A escritora Adélia Prado tem bons motivos para festejar neste mês de julho. Ganhou os prêmios Machado de Assis e Camões, reconhecimento por sua obra vasta e diversificada. O Machado de Assis é conferido pela Academia Brasileira de Letras (ABL), e premia o conjunto da obra de um escritor. Guimarães Rosa, Cecília Meireles, Érico Verissimo são alguns dos grandes já premiados pela ABL. O Camões é outorgado pelos governos de Portugal e do Brasil a escritores de língua portuguesa. José Saramago, Mia Couto, Lygia Fagundes Telles estão entre os selecionados. Além do reconhecimento, há um valor pago aos vencedores. O Machado de Assis confere 100 mil reais e o Camões, 100 mil euros (cerca de 590 mil reais).

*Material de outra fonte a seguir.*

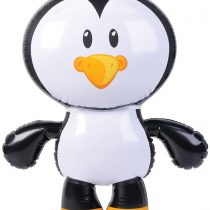 Henbrandt INFLATABLE PENGUIN GIANT 56CM BLOW UP NOVELTY ANIMAL PARTY TOY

Essa quantia vai agora para a conta da professora Adélia Luzia Prado de Freitas, nascida em 1935, em Divinópolis, Minas Gerais.
Quando apareceu na cena literária, na década de 1970, Adélia Prado era uma senhora casada, com cinco filhos, trabalhando como professora do primário e ginásio em escolas públicas mineiras. Ela mandou seus poemas para o poeta e crítico literário Affonso Romano de Sant’Anna que não só gostou muito do que leu como reenviou os versos para seu colega Carlos Drummond de Andrade. O também mineiro Drummond encantou-se com a poesia da novata nem tão novinha (ela estava próxima dos 40 anos de idade). Em sua coluna no então influente “Jornal do Brasil”, Drummond escreveu: “Adélia é lírica, bíblica e existencial. Faz poesia como faz bom tempo”. E mais: recomendou ao editor Pedro Paulo Madureira que publicasse a poeta. Dessa maneira, apareceu em 1976 seu primeiro livro de poemas, “Bagagem”. No lançamento, compareceram além dos “padrinhos” Drummond e Affonso Romano, uma constelação que reuniu o filólogo Antônio Houaiss, o poeta Alphonsus de Guimaraens Filho e as escritoras Clarice Lispector e Nélida Piñon, além do ex-presidente Juscelino Kubitschek. A menina estreou com tudo e mais um pouco. Além da poesia, vieram também romances, coletâneas de contos e livros para crianças.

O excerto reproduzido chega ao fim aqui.